Il Calabi (1958, pp. 55, 76) segnala l'E. come già attivo a Milano nel 1816 e ritiene che si sia formato presso la Stamperia reale, che, dopo la chiusura dello stabilimento di G. De Werz, il primo ad introdurre nel 1808 la tecnica litografica in Lombardia, ne aveva ereditato parte dell'attività. Più probabilmente l'E. si accostò invece al nuovo mezzo come autodidatta, stimolato, durante gli studi a Brera, dal crescente interesse che verso gli sviluppi della litografia all'estero andavano dimostrando F. Hayez ed altri artisti, e dalle prospettive aperte negli anni '20 dalla rapida espansione del mercato artistico e letterario milanese. Esauritosi fra il 1813 e il 1815 l'esperimento del De Werz, l'assenza di torchi la cui capacità andasse oltre la stampa di circolari, spartiti musicali o etichette commerciali era, in Lombardia, un problema da tempo segnalato come critico. Lo stabilimento dell'E., che l'artista stesso presentava, sulla Gazzetta di Milano del 30 apr. 1827 come aperto "non solo per mire di interesse, ma ancora per passione alle belle arti", fu il primo a tentare una specializzazione in campo figurativo e deve a questo un posto di rilievo nella storia della litografia milanese.

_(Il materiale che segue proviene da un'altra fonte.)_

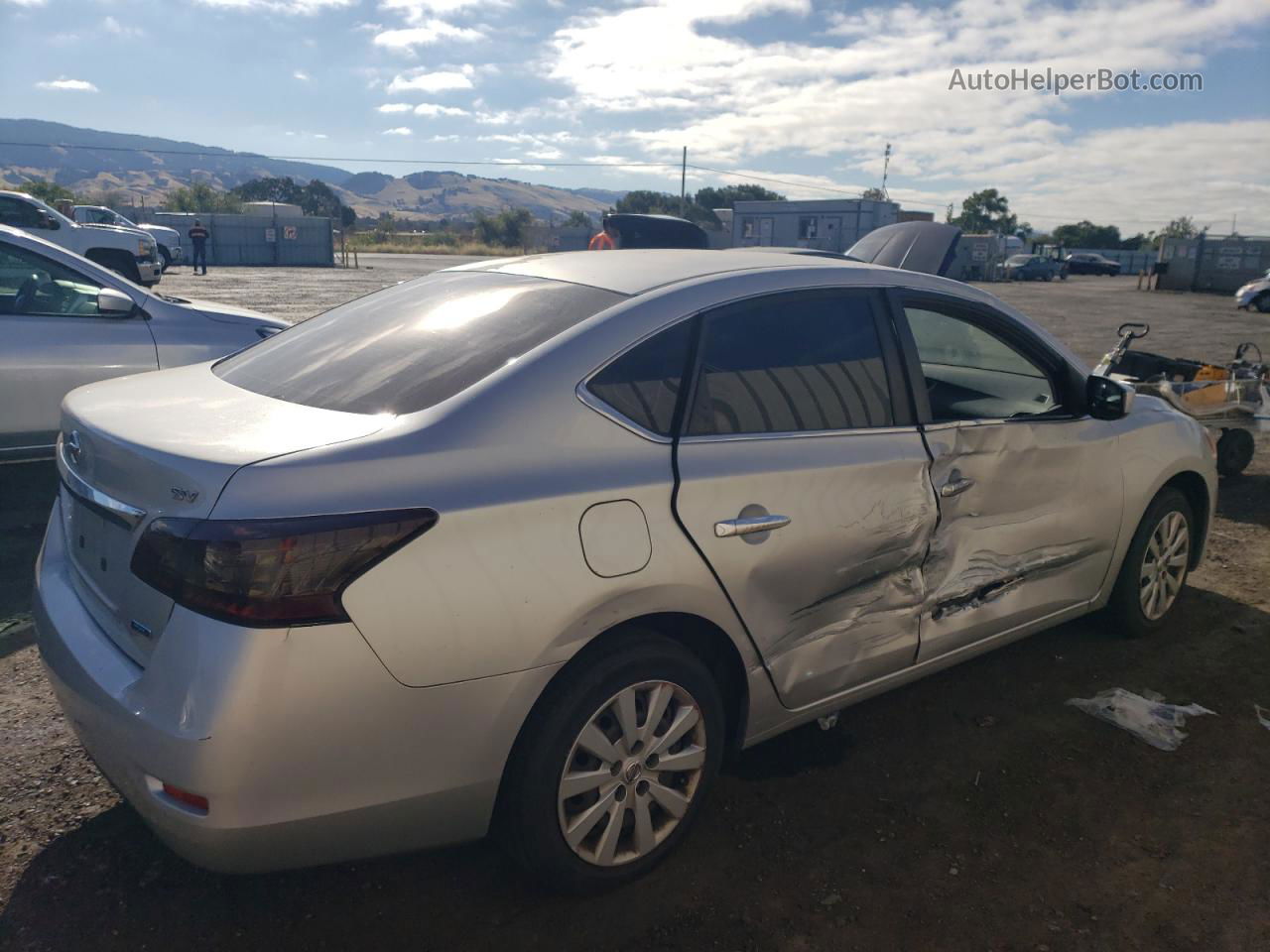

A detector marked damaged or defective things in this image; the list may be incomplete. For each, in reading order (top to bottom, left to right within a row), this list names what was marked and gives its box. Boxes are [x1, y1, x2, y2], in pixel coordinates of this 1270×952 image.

Attraverso i bollettini mensili dell'Ufficio censura (cfr. Arrigoni, 1974) abbiamo conoscenza di circa una settantina di opere, cui vanno aggiunte le sessanta tavole dell'album Costumi vestiti alla festa da ballo data dal conte Giuseppe Batthyany … (1828-1829), testo fondamentale del romanticismo storico milanese, e l'impostazione di un ambizioso Viaggio pittorico nel Regno Lombardo Veneto disegnato da Migliara, Bisi ed altri artisti…previsto in 100 tavole, che non andò oltre la pubblicazione del primo fascicolo (1827-28) con frontespizio e cinque vedute. Tra gli artisti di cui la stamperia Elena litografò opere risultano, oltre a F. Hayez e G. Migliara, c. Cornienti, M. Gozzi, L. Bisi e R. Focosi, che fece qui le prime prove per il suo ciclo di illustrazioni dai Promessi sposi (storicamente urlo dei primi dedicati a questo tema), poi proseguito presso Vassalli. L'impresa dell'E., il cui avvio è calorosamente recensito nel 1827 da G. Caselli, fu tuttavia messa in difficoltà dal moltiplicarsi fra 1828 e 1830 di iniziative consimili, fornite di una base artigiana e patrimoniale più solida. La stamperia è citata fra le poche "ancora in attivo" in un rapporto di polizia del 21 genn. 1830 (Arch. di Stato di Milano, Commercio, cart. 348), anche se già a quell'epoca la sua attività risultava non paragonabile a quella di altre ditte quali Vassalli, Vallardi o Ricordi; cessava tuttavia l'attività nel 1831 dopo avere, pare, seriamente compromesso la situazione finanziaria dell'artista.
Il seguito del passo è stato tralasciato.